Recording sessions for the album took place at Riksmixningsverket, a studio owned by ABBA's Benny Andersson and at Year0001's Stockholm studio, associated with Swedish rapper Yung Lean. The album was co-produced by longtime collaborator Pelle Gunnerfeldt and Beastie Boys member Mike D. Queens of the Stone Age frontman Josh Homme contributed to the album in an advisory role.

In a statement accompanying the announcement, the band described it as "a new record so full of energy, joy, anger and life that you will be questioning reality as you have known it... Every single song a single, every single single a hit, every hit a direct hit in the face of the man."

In an interview with Yahoo Entertainment, frontman Pelle Almqvist recalled the band's reaction to Mike D's presence in the studio: Mike D from the Beastie Boys came to the studio in Stockholm on the first day we were in there. We were recording the album with Pelle Gunnerfeldt, who's our usual producer and mentor. He's been around since our first album Barely Legal]. We're all big Beastie Boys fans, but I think he might be the biggest one. When Mike showed up, everyone was like, "This is going to be fun". But then, everybody got really nervous pretty quickly. Pelle started stumbling over cables, and connecting things the wrong way. It was pretty funny.

==Critical reception==
Steve Beebee of Kerrang! praised the album's "breakneck" energy and hook-driven songwriting, describing it as "as uncorrupted a rock album as any released this year". He wrote that the band successfully continued their established formula while keeping "excitement levels high".
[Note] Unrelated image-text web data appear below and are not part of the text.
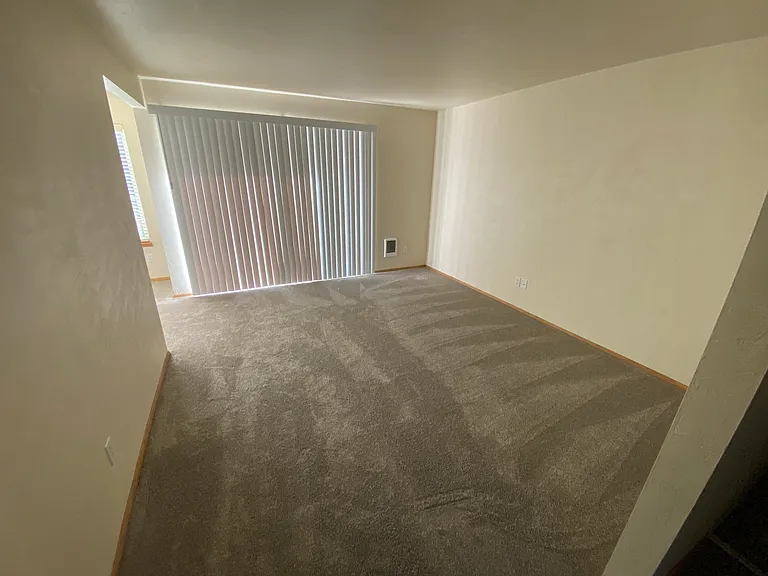 Oak Tree Apartments — Photo 21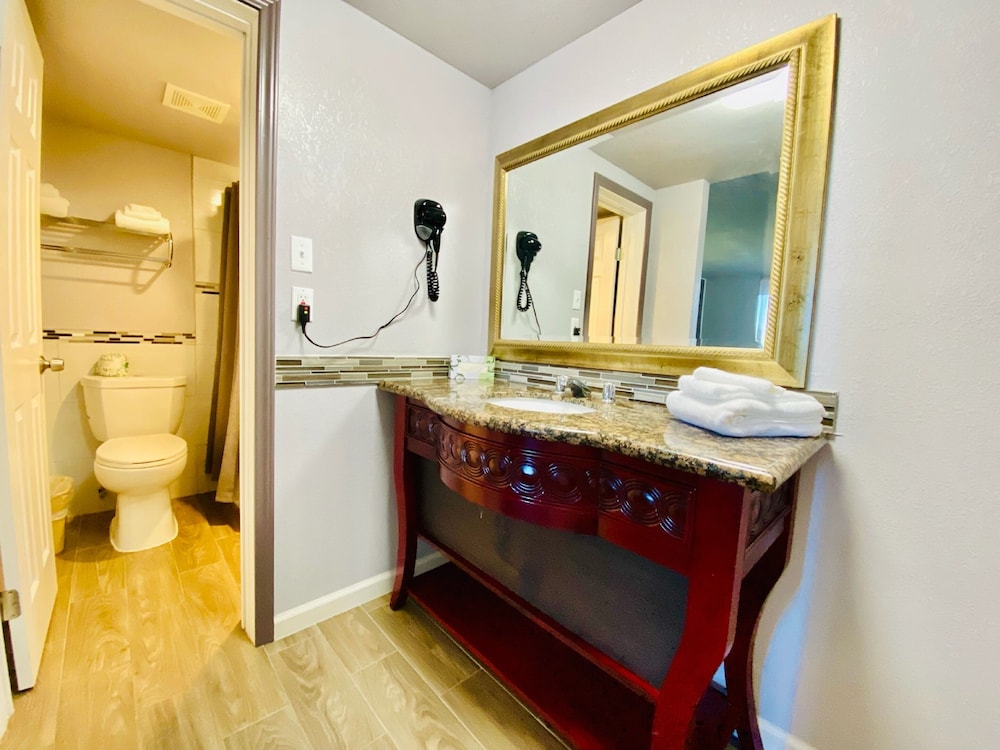 R Nite Star Inn & Suite 35/65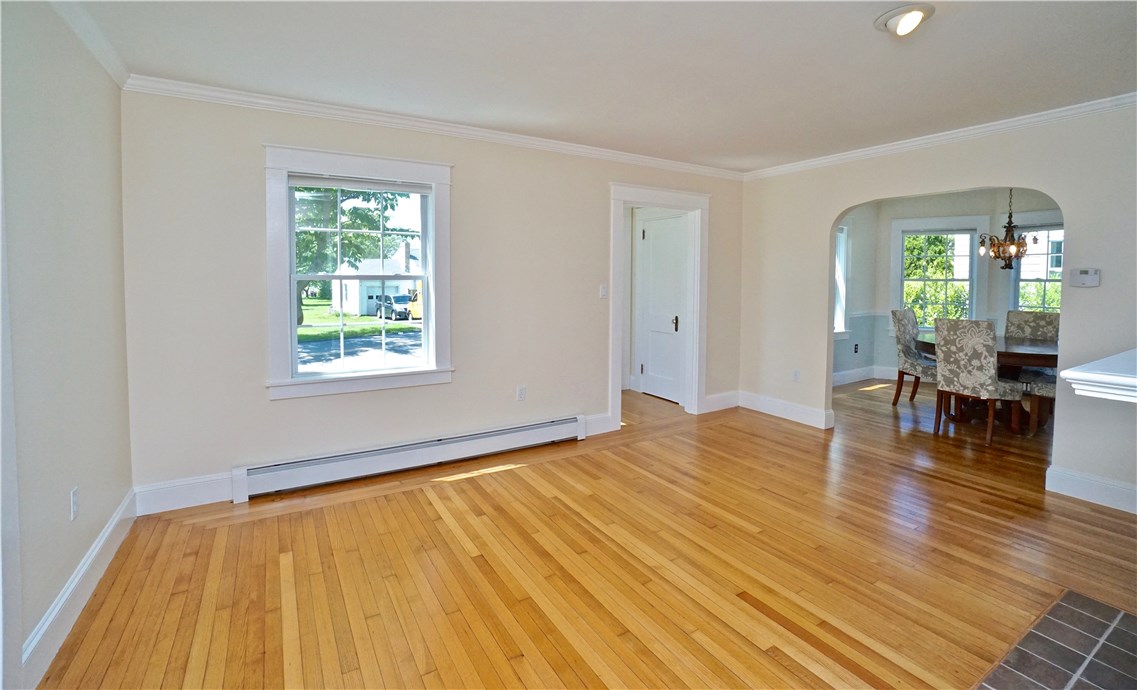 122 Ruggles Avenue Newport, RI 02840 - Photo 21 of 40 Gallery Image 21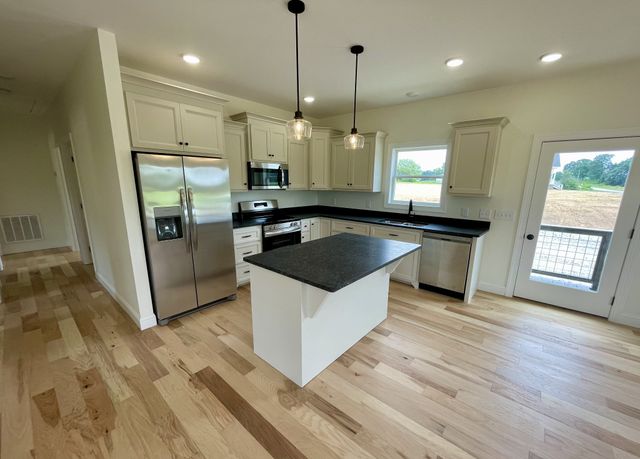 54 Union Hill Rd, Loretto, TN 38469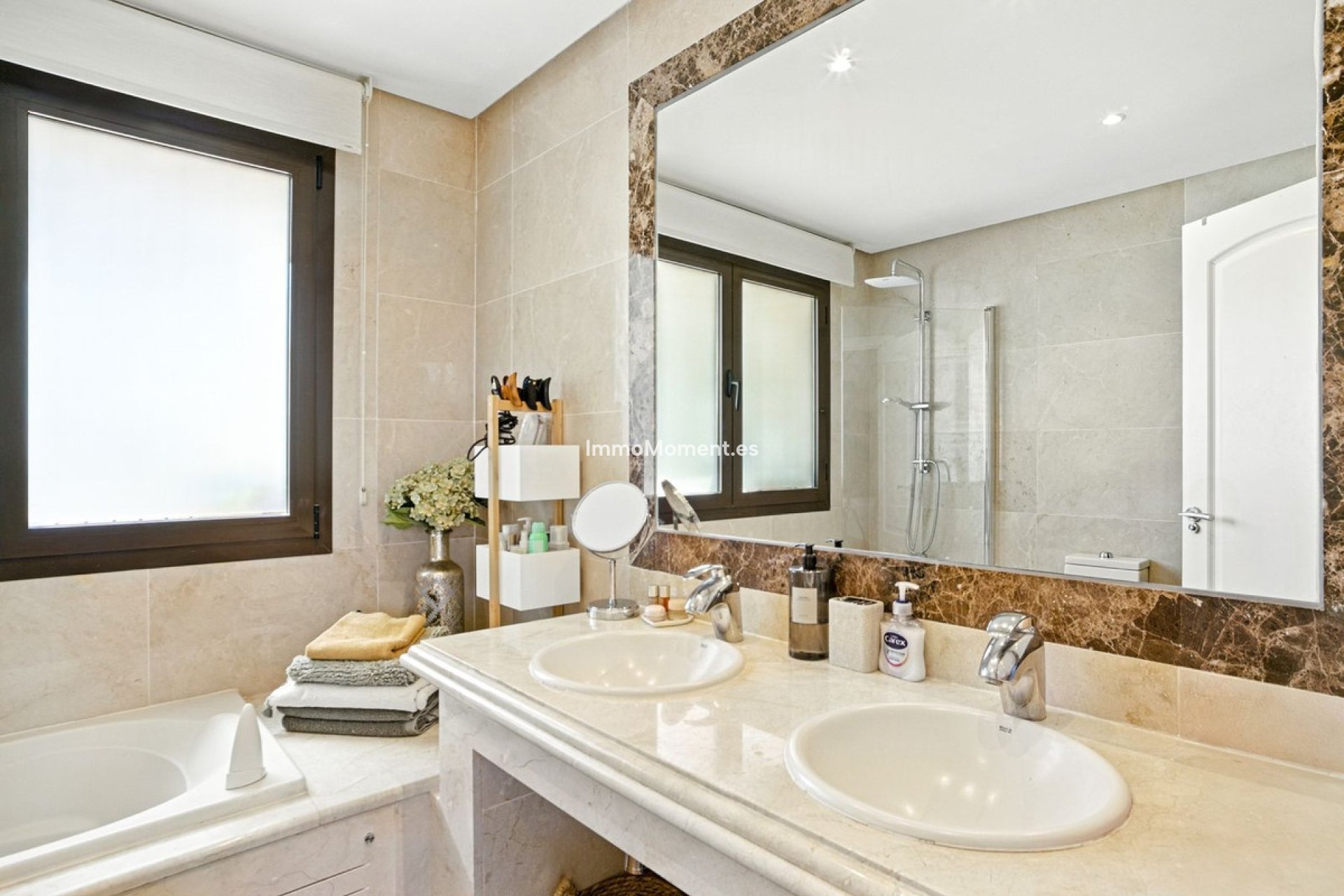 Bestaande woning - Vrijstaande villa - Estepona  - Estepona Centro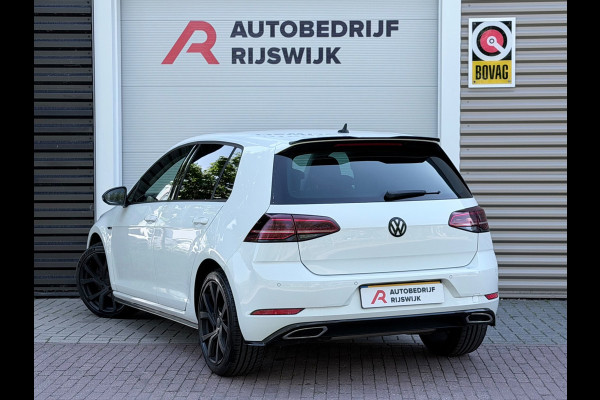 Volkswagen Golf 1.5 TSI Highline Business R Virtual/AppleCarPlay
Writing for Mojo, James McNair praised the album's "deeply felt and furious riffage" and noted that the band remained "amped up to 11" decades into their career. He also highlighted the album's stylistic experimentation, comparing the title track to "The Strokes going electro" and describing "Path Of Most Resistance" as featuring a "Devo-ish" guitar hook.
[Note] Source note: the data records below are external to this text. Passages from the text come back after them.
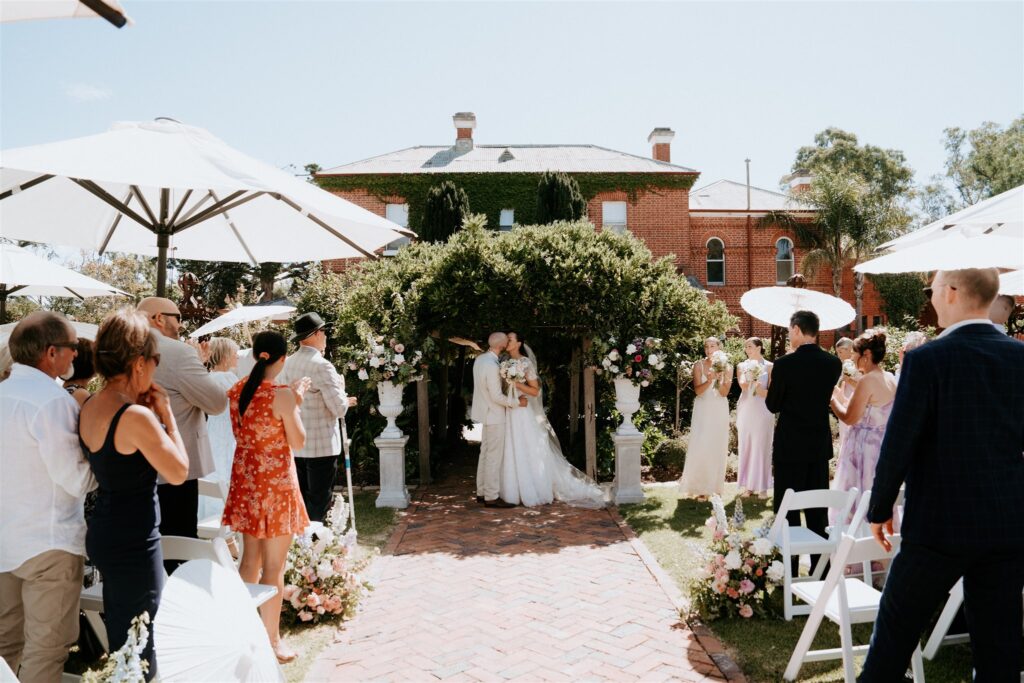 Outdoor wedding ceremony at Ravenswood Homestead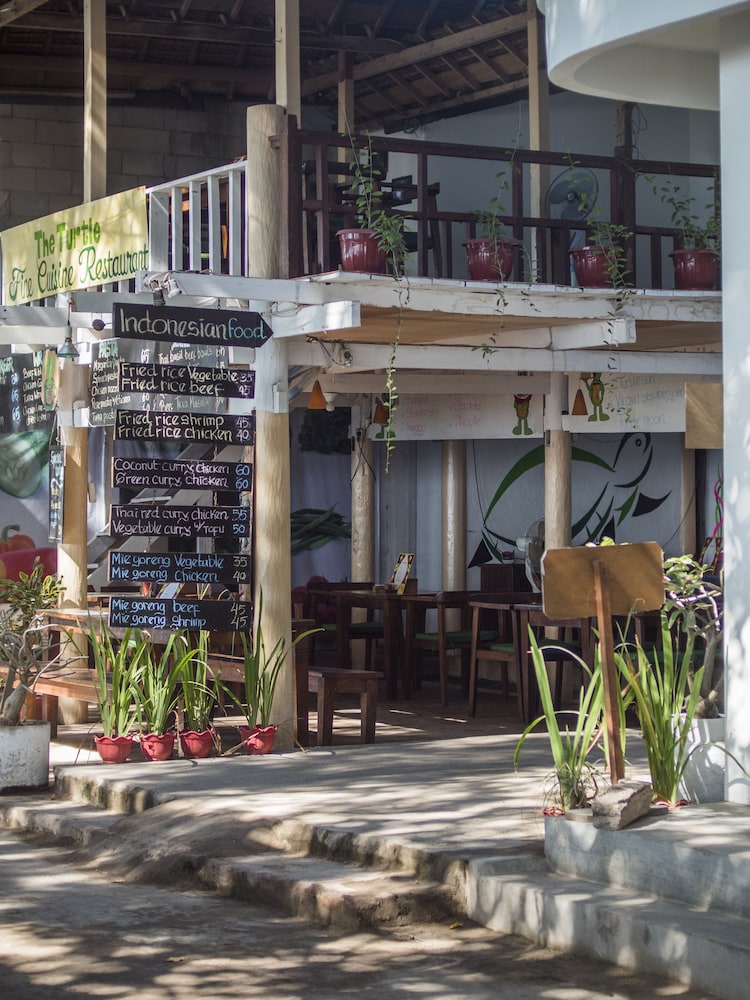 Gili Turtle Beach Resort 1/34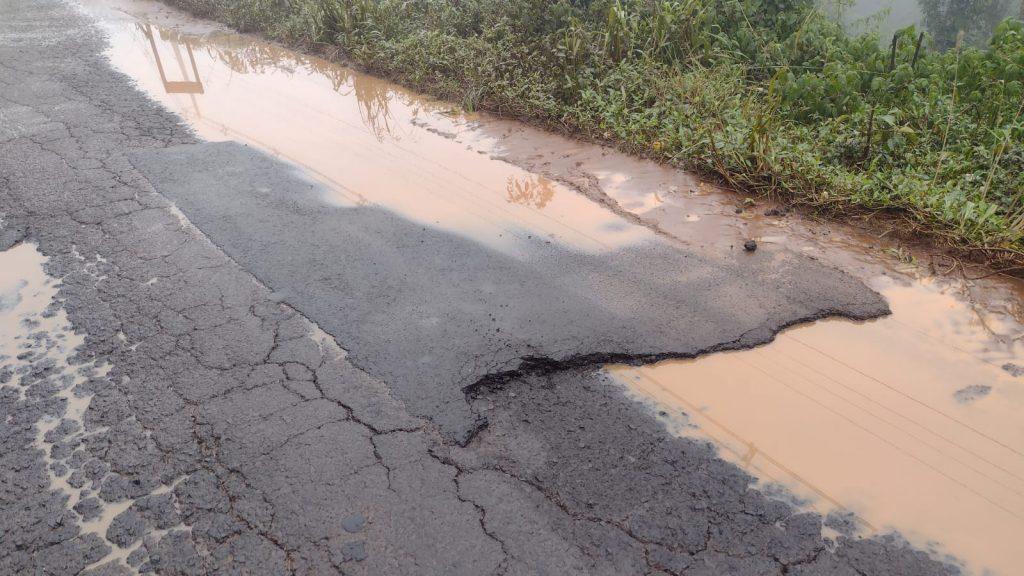 Vídeo: Buracos enormes surgem na SC 283 entre Seara e Chapecó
Luke Von Rinehart of New Noise Magazine wrote that the album continued the band's "signature recipe of killer riffs and rockin’ anthems". He highlighted tracks such as "Paint A Picture" and "Born A Rebel" for balancing intensity with musical variety, concluding that the group remained "consistent and dependable" garage rock performers.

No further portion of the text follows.